## What is needed
Restate the whole of the data below word for word, skipping the images.

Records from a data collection
- - -
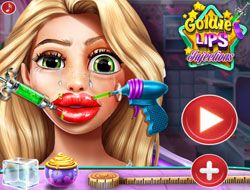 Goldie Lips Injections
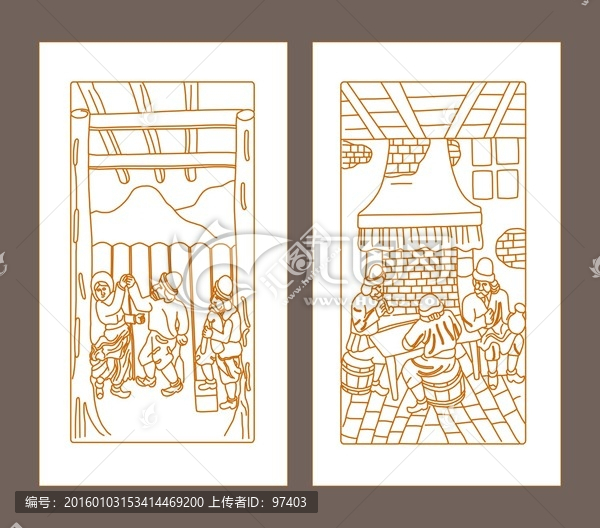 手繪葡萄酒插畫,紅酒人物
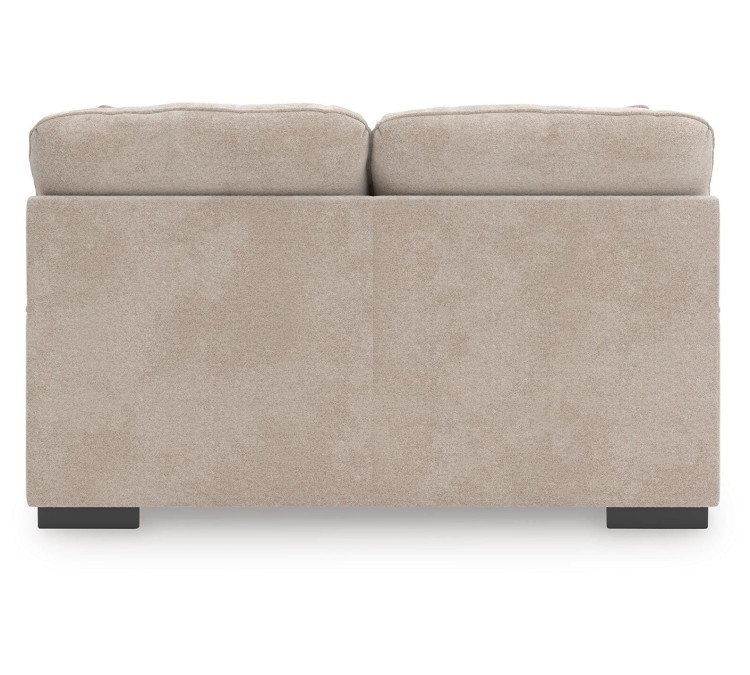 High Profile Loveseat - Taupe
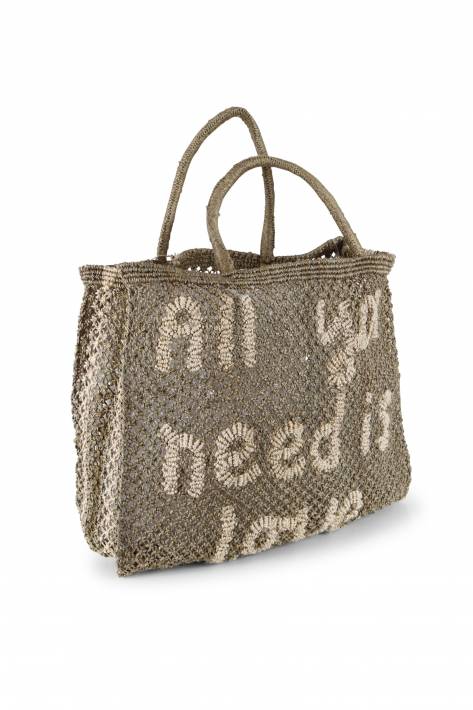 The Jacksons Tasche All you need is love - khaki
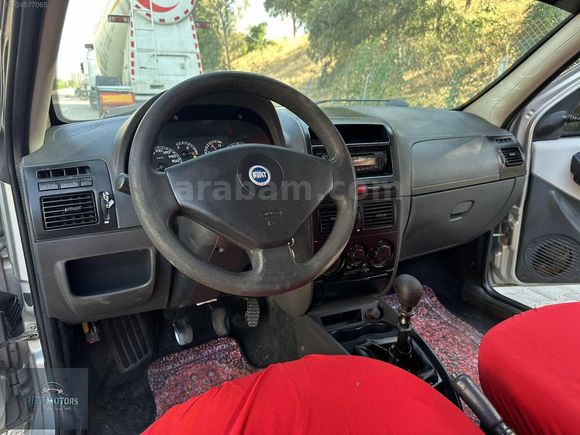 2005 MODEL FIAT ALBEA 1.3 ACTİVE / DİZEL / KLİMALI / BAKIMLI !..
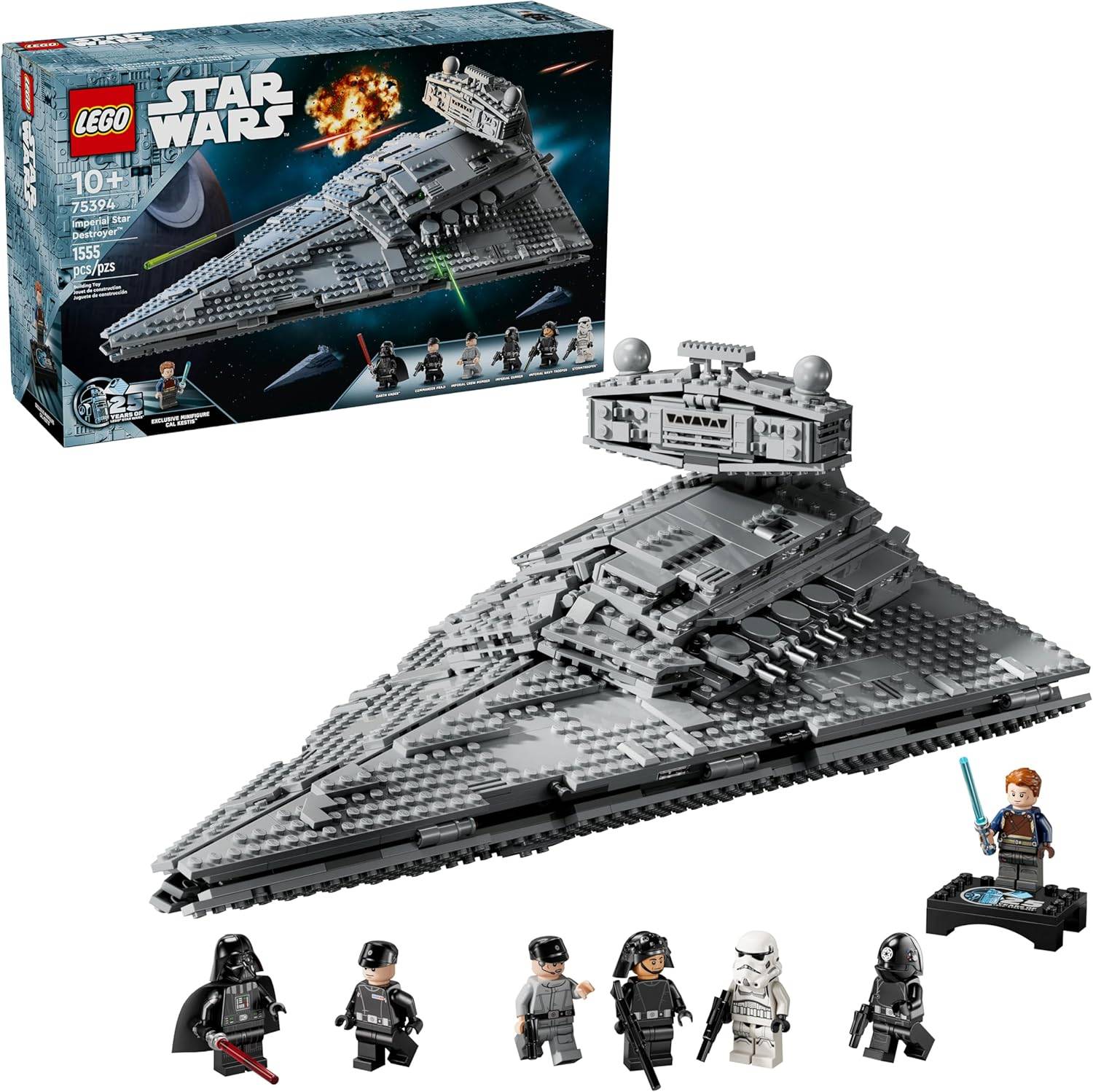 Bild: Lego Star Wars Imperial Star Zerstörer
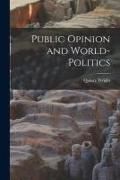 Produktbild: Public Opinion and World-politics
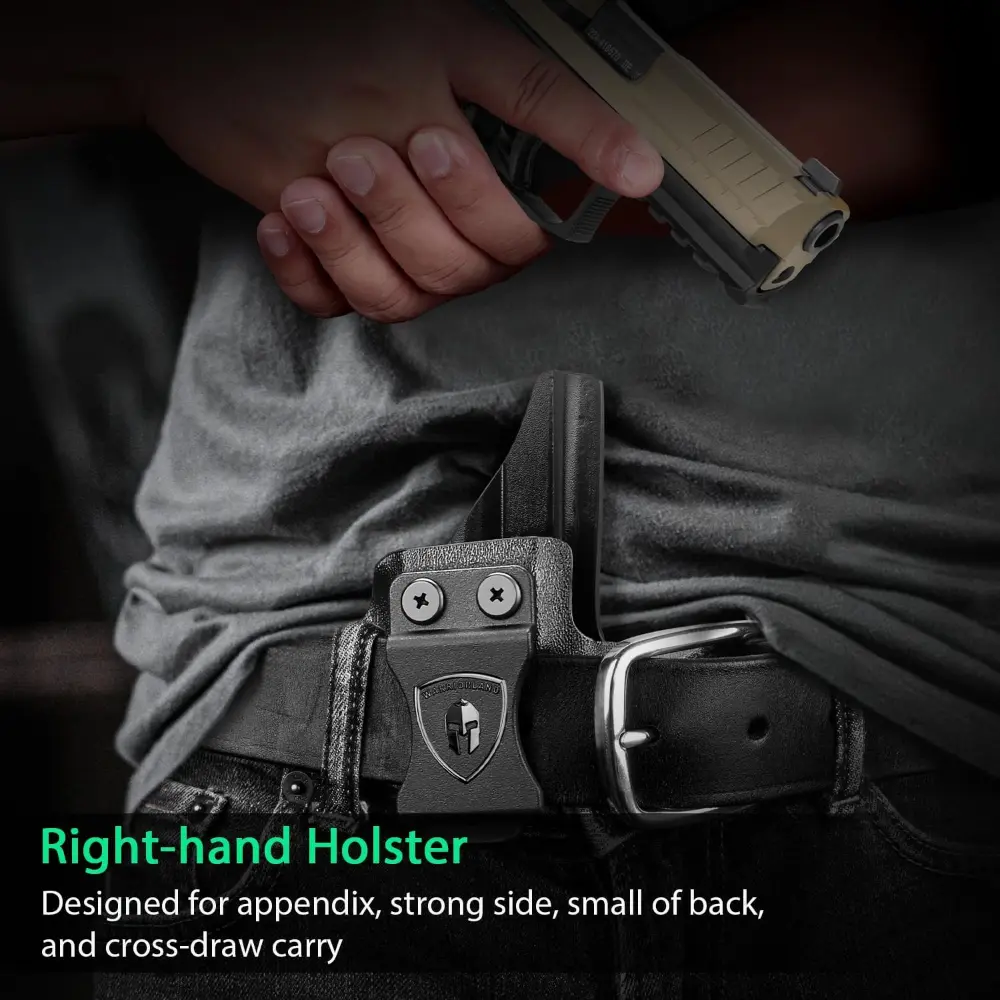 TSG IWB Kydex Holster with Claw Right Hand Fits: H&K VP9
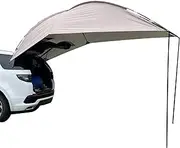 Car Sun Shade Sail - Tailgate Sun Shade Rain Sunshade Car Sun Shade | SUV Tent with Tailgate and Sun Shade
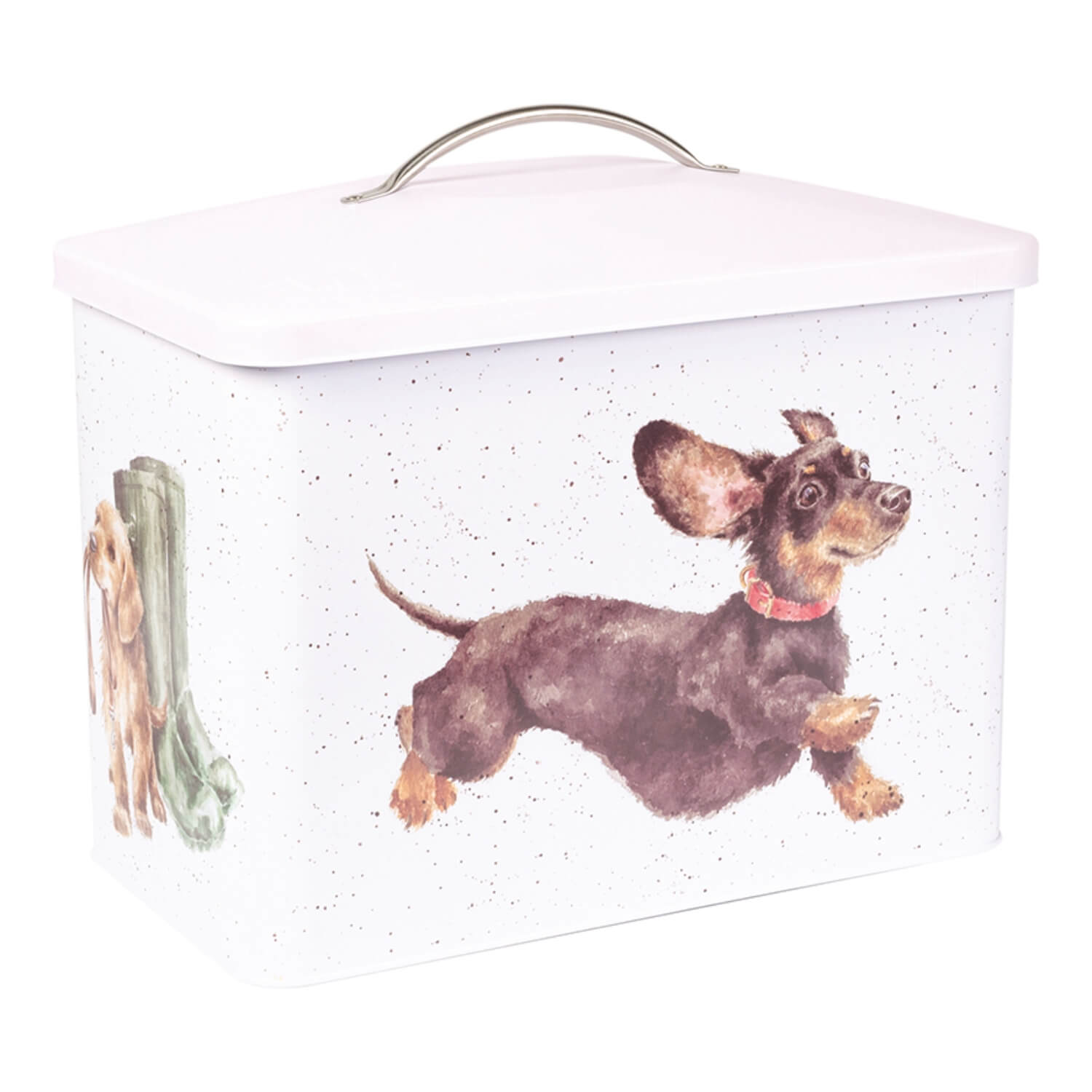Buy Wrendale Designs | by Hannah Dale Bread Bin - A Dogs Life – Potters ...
- - -
## Output for this task
 Goldie Lips Injections
 手繪葡萄酒插畫,紅酒人物
 High Profile Loveseat - Taupe
 The Jacksons Tasche All you need is love - khaki
 2005 MODEL FIAT ALBEA 1.3 ACTİVE / DİZEL / KLİMALI / BAKIMLI !..
 Bild: Lego Star Wars Imperial Star Zerstörer
 Produktbild: Public Opinion and World-politics
 TSG IWB Kydex Holster with Claw Right Hand Fits: H&K VP9
 Car Sun Shade Sail - Tailgate Sun Shade Rain Sunshade Car Sun Shade | SUV Tent with Tailgate and Sun Shade
Buy Wrendale Designs | by Hannah Dale Bread Bin - A Dogs Life – Potters ...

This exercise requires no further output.